TASK DIRECTIONS: Although the data below contains pictures, output only the lines between those holding "I am giving" and "In my 50 years", inclusive, exactly and without those pictures.

STUDY MATERIAL:

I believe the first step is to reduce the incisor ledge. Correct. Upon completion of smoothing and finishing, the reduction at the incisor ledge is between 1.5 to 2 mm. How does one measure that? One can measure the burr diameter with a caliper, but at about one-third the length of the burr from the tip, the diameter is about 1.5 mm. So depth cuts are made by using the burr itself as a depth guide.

---

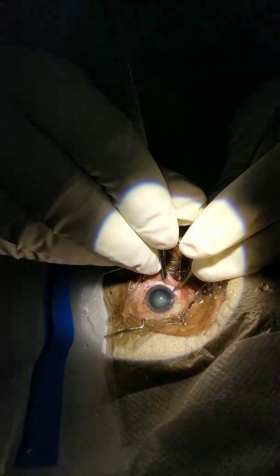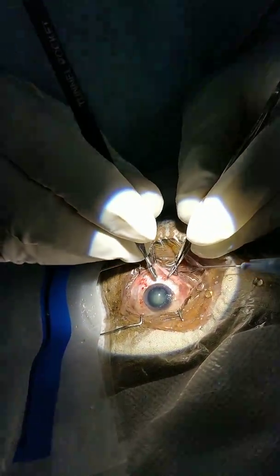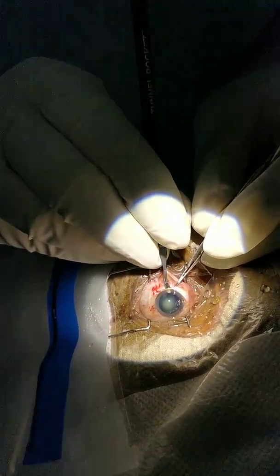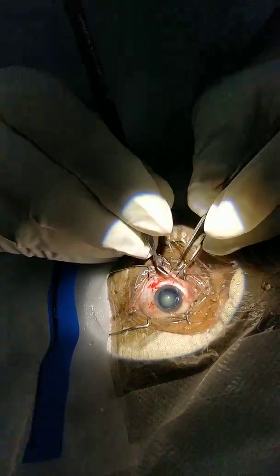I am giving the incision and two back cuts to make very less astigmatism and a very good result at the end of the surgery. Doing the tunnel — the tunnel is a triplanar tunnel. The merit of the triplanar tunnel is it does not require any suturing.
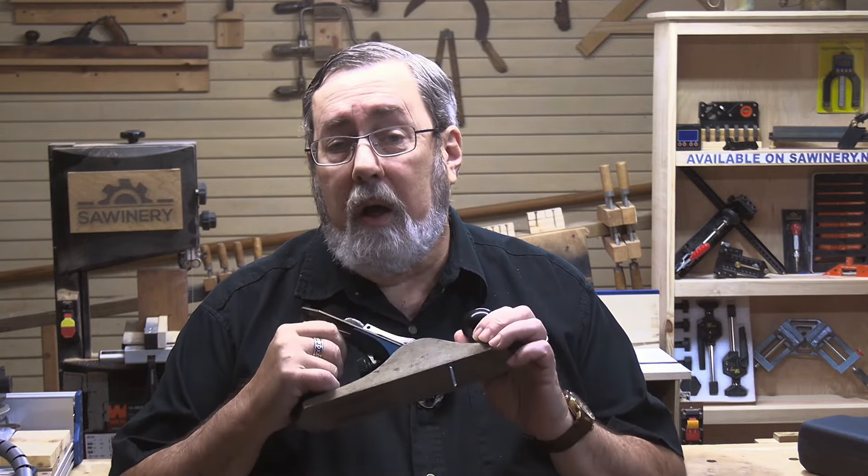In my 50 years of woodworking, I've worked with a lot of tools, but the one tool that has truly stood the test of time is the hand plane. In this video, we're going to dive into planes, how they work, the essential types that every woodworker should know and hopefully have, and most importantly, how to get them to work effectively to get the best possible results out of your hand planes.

ANSWER BOX:
I am giving the incision and two back cuts to make very less astigmatism and a very good result at the end of the surgery. Doing the tunnel — the tunnel is a triplanar tunnel. The merit of the triplanar tunnel is it does not require any suturing.
In my 50 years of woodworking, I've worked with a lot of tools, but the one tool that has truly stood the test of time is the hand plane. In this video, we're going to dive into planes, how they work, the essential types that every woodworker should know and hopefully have, and most importantly, how to get them to work effectively to get the best possible results out of your hand planes.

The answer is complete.